▶ [Brief] What the task requires is an exact printout of the listing below, pictures excluded.

▶ [Dataset content]
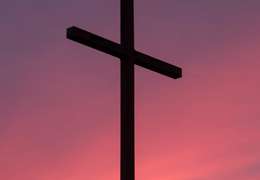 IgluCruise.Application.ViewModels.Shared.WebImageViewModel?.Description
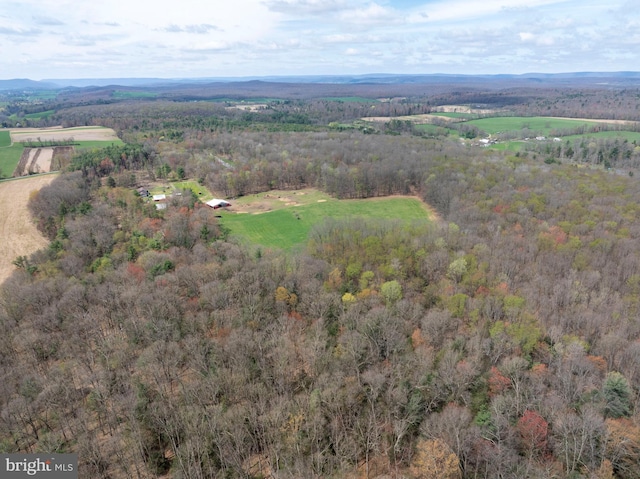 505 Deibler Rd, Pennsylvania Furnace, PA 16865 - bird's eye view with a forest view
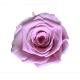 natural preserved roses at cheap price Everlasting Flowers Home Decoration Christmas gift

▶ [Problem solution]
 IgluCruise.Application.ViewModels.Shared.WebImageViewModel?.Description
 505 Deibler Rd, Pennsylvania Furnace, PA 16865 - bird's eye view with a forest view
 natural preserved roses at cheap price Everlasting Flowers Home Decoration Christmas gift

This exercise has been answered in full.